BEGIN

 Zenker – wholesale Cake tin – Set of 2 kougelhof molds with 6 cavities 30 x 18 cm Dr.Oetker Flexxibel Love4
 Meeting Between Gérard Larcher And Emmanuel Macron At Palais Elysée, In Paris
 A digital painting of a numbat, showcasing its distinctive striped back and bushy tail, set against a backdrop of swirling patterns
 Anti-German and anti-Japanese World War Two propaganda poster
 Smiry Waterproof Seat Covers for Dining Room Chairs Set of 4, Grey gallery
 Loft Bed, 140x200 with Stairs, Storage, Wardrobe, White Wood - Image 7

END

Work instruction: The answer should consist of the full listing, repeated exactly.

Result of the task:
 Zenker – wholesale Cake tin – Set of 2 kougelhof molds with 6 cavities 30 x 18 cm Dr.Oetker Flexxibel Love4
 Meeting Between Gérard Larcher And Emmanuel Macron At Palais Elysée, In Paris
 A digital painting of a numbat, showcasing its distinctive striped back and bushy tail, set against a backdrop of swirling patterns
 Anti-German and anti-Japanese World War Two propaganda poster
 Smiry Waterproof Seat Covers for Dining Room Chairs Set of 4, Grey gallery
 Loft Bed, 140x200 with Stairs, Storage, Wardrobe, White Wood - Image 7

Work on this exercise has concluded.